Bram Pais

Bram Pais
Abraham Pais op latere leeftijd
Abraham Pais op latere leeftijd
Algemene informatie
Volledige naam Abraham Pais
Geboren 19 mei 1918
Geboorte­plaats Amsterdam
Overleden 28 juli 2000
Overlijdensplaats Kopenhagen
Land Nederland, Verenigde Staten
Beroep Natuurkundige, wetenschapshistoricus
Werk
Bekende werken Subtle is the Lord: The science and the life of Albert Einstein (1982)
Dbnl-profiel
(en) IMDb-profiel
Portaal  Portaalicoon   Geschiedenis

Abraham (Bram) Pais (Amsterdam, 19 mei 1918 - Kopenhagen, 28 juli 2000) was een Joods-Nederlands-Amerikaanse natuurkundige en wetenschapshistoricus.

Hij promoveerde aan de Universiteit Utrecht vlak voor een verbod van de Duitse bezetter tijdens de Tweede Wereldoorlog. Hij dook onder, werd later gearresteerd maar werd gered door het einde van de oorlog. Pais werd assistent van Niels Bohr in Denemarken en later collega van Albert Einstein aan het Institute for Advanced Study in Princeton. Pais droeg veel bij aan de theoretische natuurkunde en begon op latere leeftijd een tweede carrière als wetenschapshistoricus met boeken over Albert Einstein en Niels Bohr. Tot zijn pensioen was hij hoogleraar natuurkunde aan de Rockefeller University.

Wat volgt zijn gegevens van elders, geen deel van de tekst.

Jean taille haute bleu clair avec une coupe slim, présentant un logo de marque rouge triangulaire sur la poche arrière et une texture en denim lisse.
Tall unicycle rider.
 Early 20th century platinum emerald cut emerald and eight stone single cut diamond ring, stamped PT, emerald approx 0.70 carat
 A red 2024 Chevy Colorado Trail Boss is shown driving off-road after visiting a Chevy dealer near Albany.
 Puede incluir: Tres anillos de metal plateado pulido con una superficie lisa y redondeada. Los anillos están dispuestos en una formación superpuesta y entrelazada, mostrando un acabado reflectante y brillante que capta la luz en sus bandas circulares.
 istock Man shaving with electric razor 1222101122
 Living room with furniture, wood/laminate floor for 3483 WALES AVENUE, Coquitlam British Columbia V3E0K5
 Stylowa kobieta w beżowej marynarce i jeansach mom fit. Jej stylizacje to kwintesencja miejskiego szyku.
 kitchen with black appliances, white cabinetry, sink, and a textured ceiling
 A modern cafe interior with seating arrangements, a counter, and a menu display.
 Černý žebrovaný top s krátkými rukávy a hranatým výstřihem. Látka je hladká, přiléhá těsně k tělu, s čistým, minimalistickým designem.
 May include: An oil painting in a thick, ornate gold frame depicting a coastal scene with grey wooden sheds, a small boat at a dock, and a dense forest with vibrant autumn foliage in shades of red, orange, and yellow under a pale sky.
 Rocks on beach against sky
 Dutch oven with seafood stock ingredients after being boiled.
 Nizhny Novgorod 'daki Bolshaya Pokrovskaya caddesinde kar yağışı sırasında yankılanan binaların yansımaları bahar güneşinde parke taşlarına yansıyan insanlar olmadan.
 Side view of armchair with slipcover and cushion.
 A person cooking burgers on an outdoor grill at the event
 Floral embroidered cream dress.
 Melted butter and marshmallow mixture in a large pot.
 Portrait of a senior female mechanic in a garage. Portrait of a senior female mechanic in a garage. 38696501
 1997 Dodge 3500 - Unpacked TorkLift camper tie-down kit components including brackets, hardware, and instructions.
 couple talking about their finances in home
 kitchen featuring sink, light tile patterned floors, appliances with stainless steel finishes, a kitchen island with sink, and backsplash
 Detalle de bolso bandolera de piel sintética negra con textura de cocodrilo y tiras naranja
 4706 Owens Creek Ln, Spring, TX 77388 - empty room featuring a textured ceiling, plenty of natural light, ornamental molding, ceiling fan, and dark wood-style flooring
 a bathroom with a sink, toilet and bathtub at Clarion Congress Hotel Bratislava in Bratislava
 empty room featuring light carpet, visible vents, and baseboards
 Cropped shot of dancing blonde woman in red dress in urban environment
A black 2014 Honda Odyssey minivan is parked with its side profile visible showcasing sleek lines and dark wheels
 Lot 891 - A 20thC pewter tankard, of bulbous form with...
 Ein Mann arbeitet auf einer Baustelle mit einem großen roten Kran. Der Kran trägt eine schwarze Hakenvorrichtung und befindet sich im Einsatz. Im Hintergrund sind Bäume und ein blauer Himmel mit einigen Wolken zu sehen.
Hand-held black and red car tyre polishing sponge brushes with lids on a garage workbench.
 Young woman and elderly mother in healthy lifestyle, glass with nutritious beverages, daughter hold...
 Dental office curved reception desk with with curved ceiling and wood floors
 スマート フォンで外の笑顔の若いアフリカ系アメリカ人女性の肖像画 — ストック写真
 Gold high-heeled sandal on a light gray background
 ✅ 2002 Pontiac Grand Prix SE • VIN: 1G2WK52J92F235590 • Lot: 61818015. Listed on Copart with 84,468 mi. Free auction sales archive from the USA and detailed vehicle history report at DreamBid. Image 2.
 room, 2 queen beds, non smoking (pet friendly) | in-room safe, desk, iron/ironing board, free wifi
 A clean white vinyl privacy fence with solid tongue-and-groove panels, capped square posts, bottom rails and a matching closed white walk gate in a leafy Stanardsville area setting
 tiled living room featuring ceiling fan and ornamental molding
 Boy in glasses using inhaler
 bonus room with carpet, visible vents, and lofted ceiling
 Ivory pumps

Pais werd geboren als oudste zoon van Joodse ouders uit de middenklasse. Zijn vader, Isaiah "Jacques" Pais, stamde af van Sefardische Joden uit het Iberisch Schiereiland, waarschijnlijk Portugal. Zijn moeder, Kaatje "Cato" van Kleeff, was de dochter van een Asjkenazische diamantslijper. Beide ouders waren onderwijzer. Zijn enige zus Annie, werd geboren in 1920. Tijdens Pais' jeugd was zijn vader onderwijzer en later schoolhoofd van de Sefardisch joodse school.

Pais had een prettige jeugd en was een uitstekende leerling, die veel las. Op zijn twaalfde haalde hij zijn toelatingsexamen voor de HBS. Hij deed later eindexamen als beste van zijn klas.

In 1935 begon Pais met zijn studie aan de Universiteit van Amsterdam, zonder dat hij precies wist wat hij wilde. Gastcolleges van George Uhlenbeck van de Universiteit Utrecht over Enrico Fermi's werk aan neutrino's bij het bètaverval wekten zijn belangstelling. In 1938 haalde Pais kandidaatsexamens in wiskunde en in natuurkunde, met bijvakken sterrenkunde en scheikunde.

Hij werkte na zijn doctoraal als assistent van Léon Rosenfeld en promoveerde in theoretische natuurkunde op 9 juni 1941, vijf dagen voor het verbod van de Duitsers op promoties van Joden.

Pais in 1941 met links zijn toenmalige verloofde Tineke Buchter en haar moeder

In 1943 dook Pais onder, onder meer met zijn studievriend Lion Nordheim, diens vrouw Jeanne en haar zus Trusha van Amerongen. Pais wist contact te houden met de natuurkundigen Hendrik Kramers en Lambertus Broer. In maart 1945 werden ze verraden en gearresteerd door de Duitsers. De vrouwen werd snel vrijgelaten, maar Pais zat tot een paar dagen voor de bevrijding vast. Nordheim werd op 15 april 1945 geëxecuteerd als represaillemaatregel.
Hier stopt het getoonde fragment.